WHAT YOU SHOULD DO>
When the line containing "nike air huarache city black gum" appears in the data below, begin copying there and stop only after the line containing "Lulu’s Venice Vila".

EXERCISE INPUT>
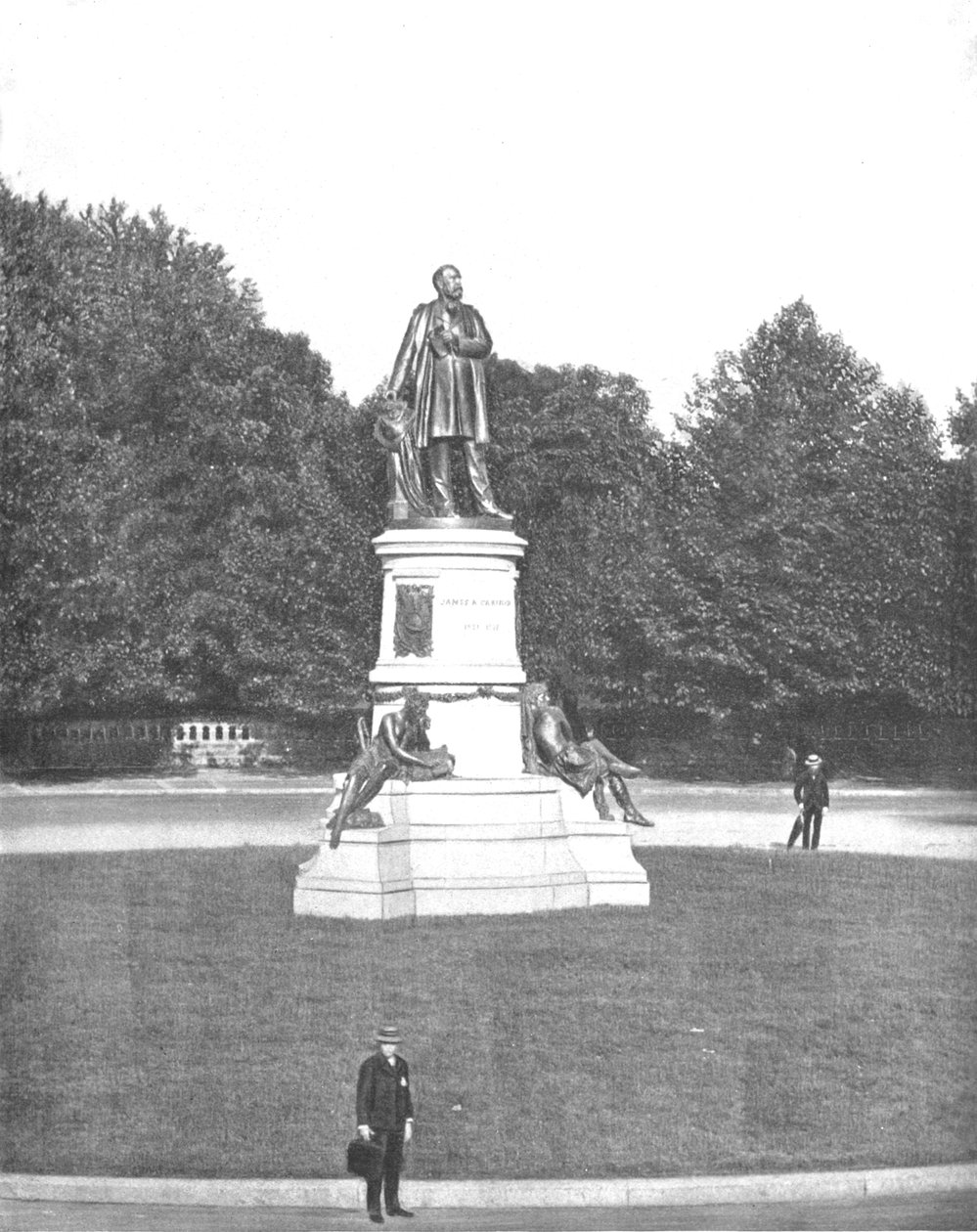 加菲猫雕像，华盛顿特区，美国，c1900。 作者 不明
...
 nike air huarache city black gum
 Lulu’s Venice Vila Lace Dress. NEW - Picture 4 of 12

EXPECTED ANSWER>
 nike air huarache city black gum
 Lulu’s Venice Vila Lace Dress. NEW - Picture 4 of 12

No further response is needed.